Observe that to get a constant probability of error, we strongly used the fact that party $C$ must complete the Reconstruct protocol and output some value. The reason party $C$ must complete and cannot wait for a message from $D$ is that it could be that we are in Reconstruct World Hybrid and $D$ will never respond. Let’s see where this proof would fail if we allowed even a small probability of deadlock: in that case party $C$ could decide to wait for one more response!
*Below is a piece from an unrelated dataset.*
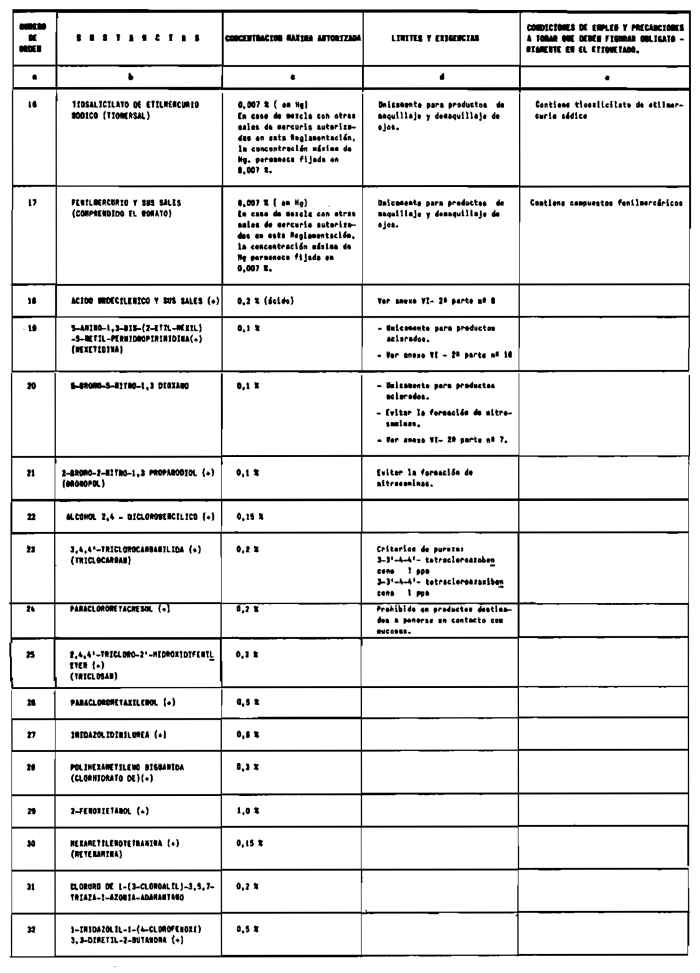 Imagen: /datos/imagenes/disp/1988/95/9636_016.png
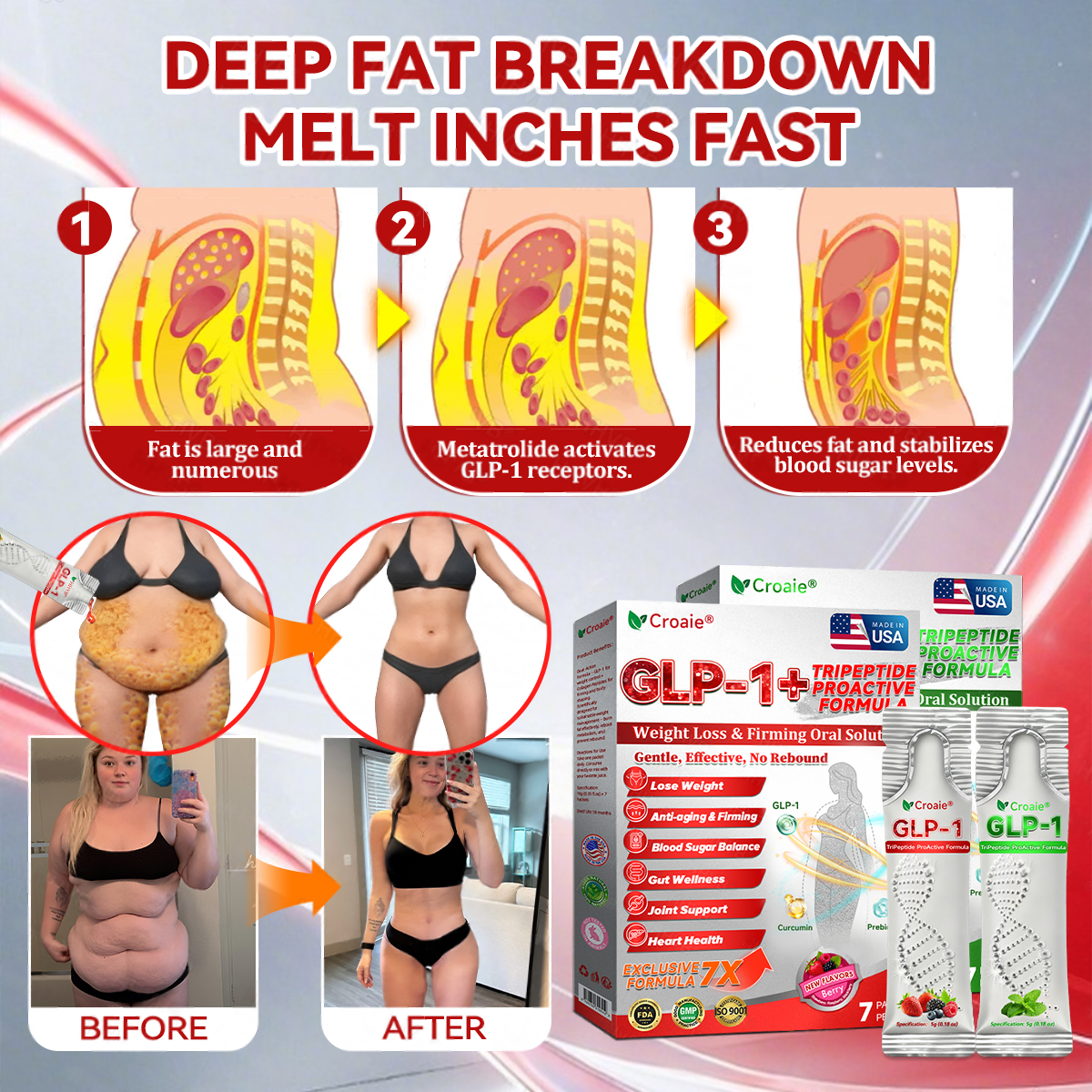 🇺🇸 US Online | Croaie® GLP-1 + Collagen Peptides Weight Loss & Firming Oral Solution 💚💚 obesity, firms skin, cardiovascular disease, diabetes, sleep apnea, joint problems, and more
If $C$ were in either Reconstruct World A or B, it could indeed wait for $D$. This would only violate the termination property of the Reconstruct protocol in Reconstruct World Hybrid, but would only do so with a very small probability because there is a very small probability that the Share protocol of Share World Hybrid will complete!

To conclude we showed that if you assume there is no deadlock, then a malicious strategy in the Share protocol causing a small (non-zero) error probability can be boosted to a malicious strategy in the Reconstruct protocol causing a large (constant) probability of error, under the assumption that there is never a deadlock.

The contrapositive is: there cannot be a protocol that is both: (1) correct with some constant probability, and (2) has a measure zero probability of deadlock. This concludes the lower bound overview.

For a full proof that strengthens the BKR statement (and a fascinating new upper bound showing what can be done without a non-zero probability of non-termination) please see our PODC 2020 paper.